When the elevator is accelerating upwards, the net force acting on the elevator and the person inside it (standing on a scale) is positive. Since the weight force cannot change, the normal force exerted on the person by the scale must increase to allow for this.
Since the weight displayed by the scale is dependent on the normal force, the apparent weight becomes greater than true weight. A person standing a the scale would feel heavier. This is true in both cases of the elevator moving upwards or downwards (either positive or negative velocity).
$$F_N = m(g + a)$$
where `a > 0`.
When elevator is accelerating in the downward direction (negative), the net force acting on the elevator and objects inside it becomes negative. Again, since the weight force of the person remains unchanged, the normal force exerted by the scale on the person must decrease and become smaller than the weight force.
$$F_N = m(g + a)$$
where `a < 0` causing `F_N` to be reduced such that:
$$F_N < mg$$
In this instance, the apparent weight is less than the true weight. A person standing on the scale would feel lighter.

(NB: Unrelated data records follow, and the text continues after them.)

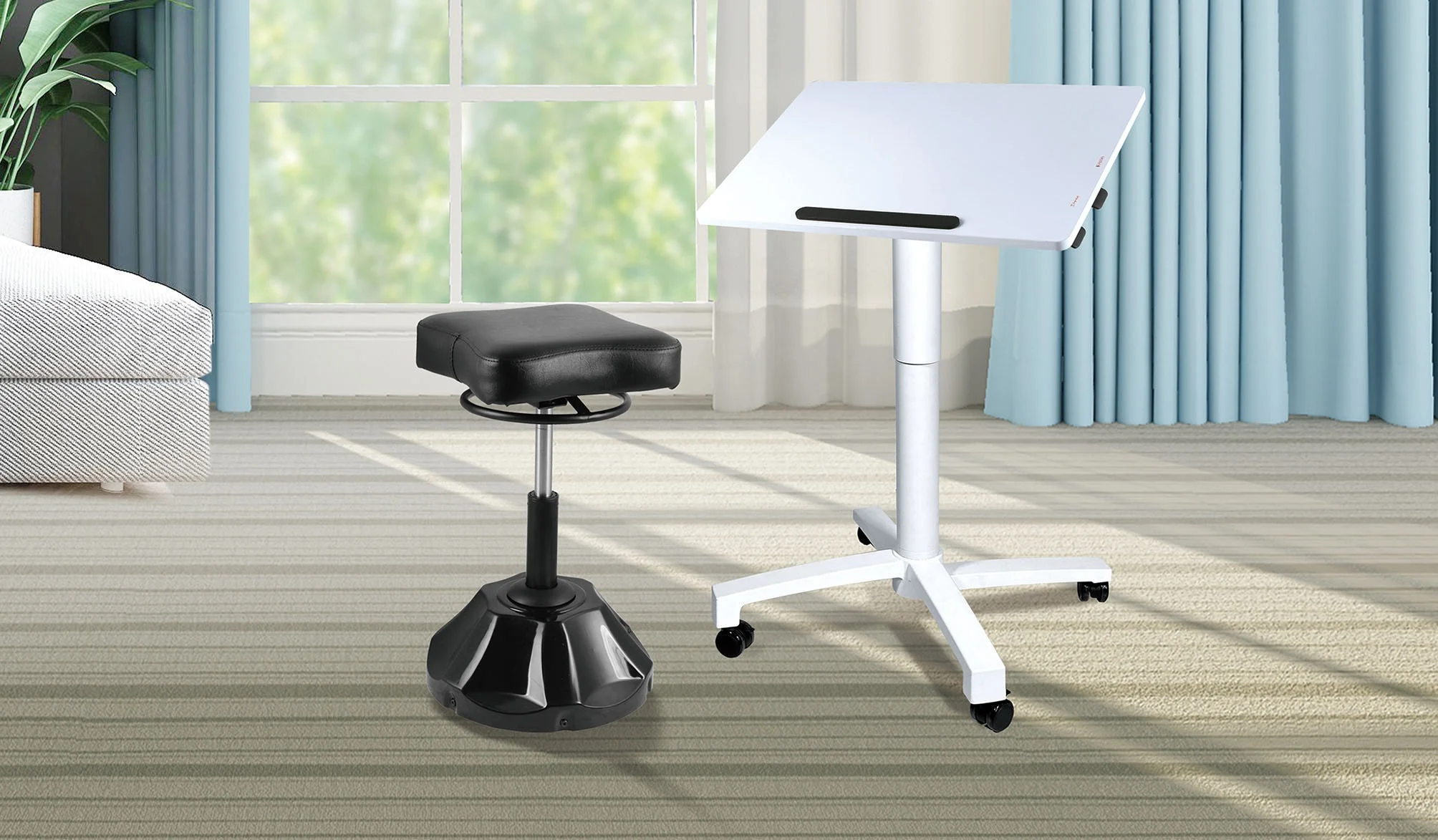 Easy Assemble Single leg pneumatic lifting system  Pneumatic Height Adjustable Sit to Stand Computer Office Desk Adjustable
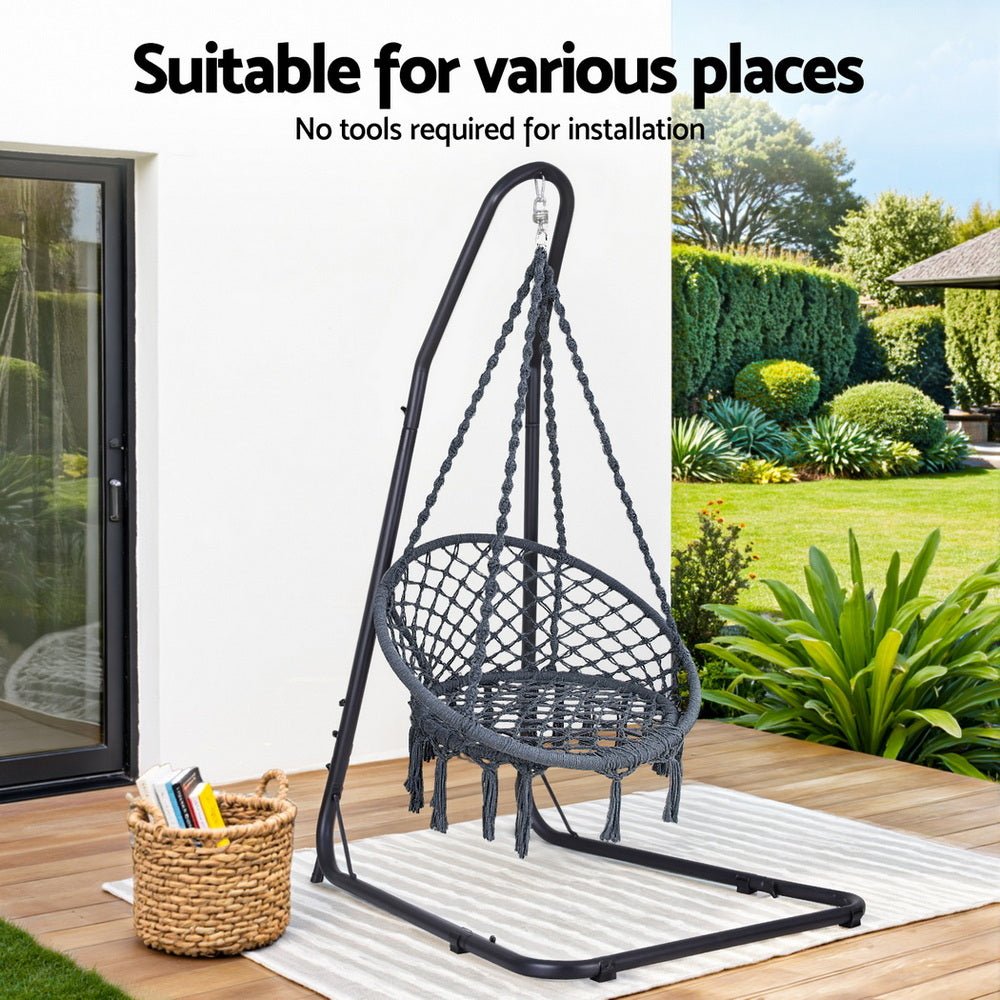 Gardeon Hammock Hanging Chair with Steel Stand | Outdoorium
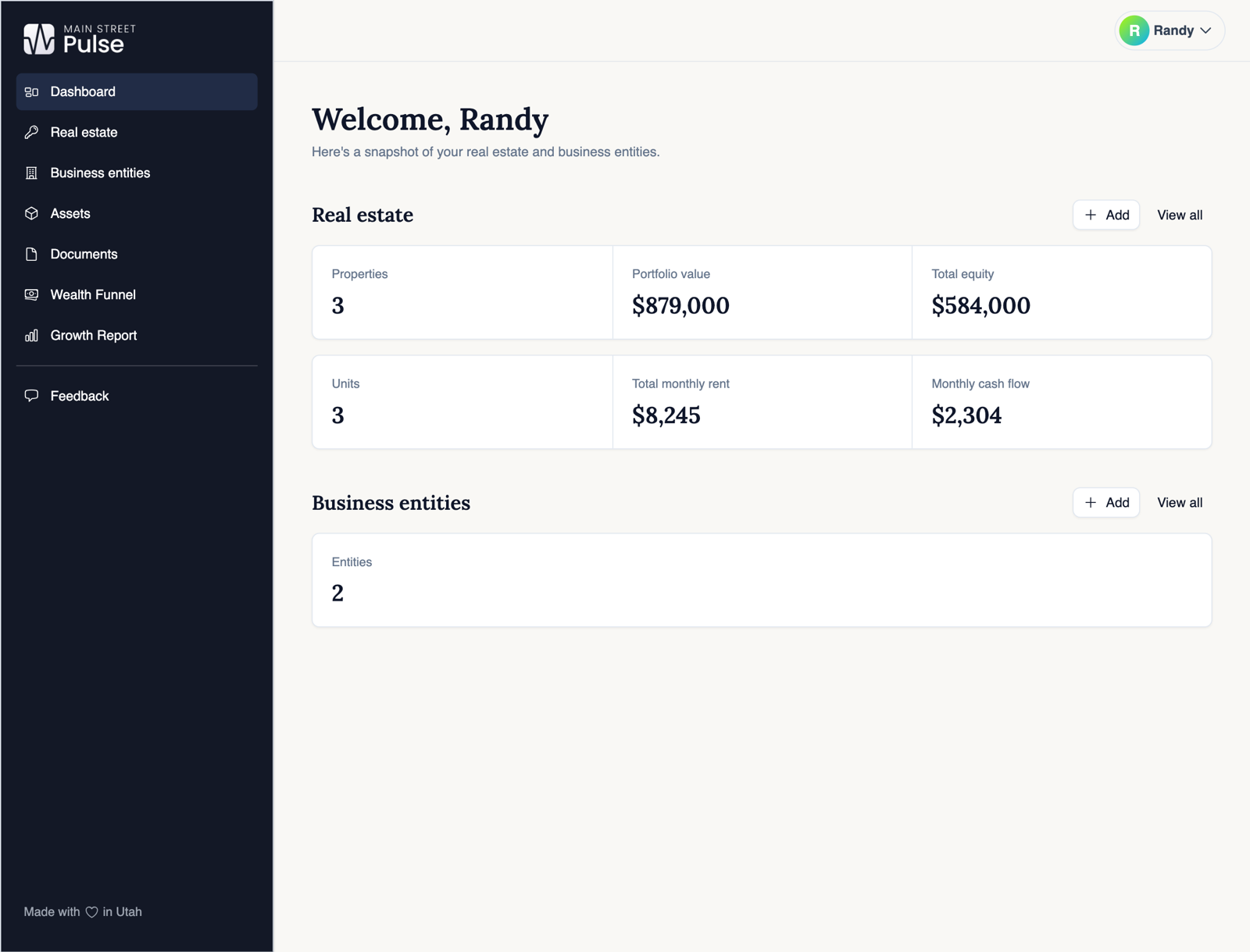 Dashboard summarizing real estate portfolio value, equity, cash flow, and business entities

It is important to understand that the apparent weight depends on the acceleration of the elevator, not its velocity. This means the variation of apparent force depends on whether the acceleration is positive or negative, regardless whether the elevator is moving upwards (positive velocity) or downwards (negative velocity).
Positive acceleration increases the apparent weight, and negative acceleration decreases the apparent weight.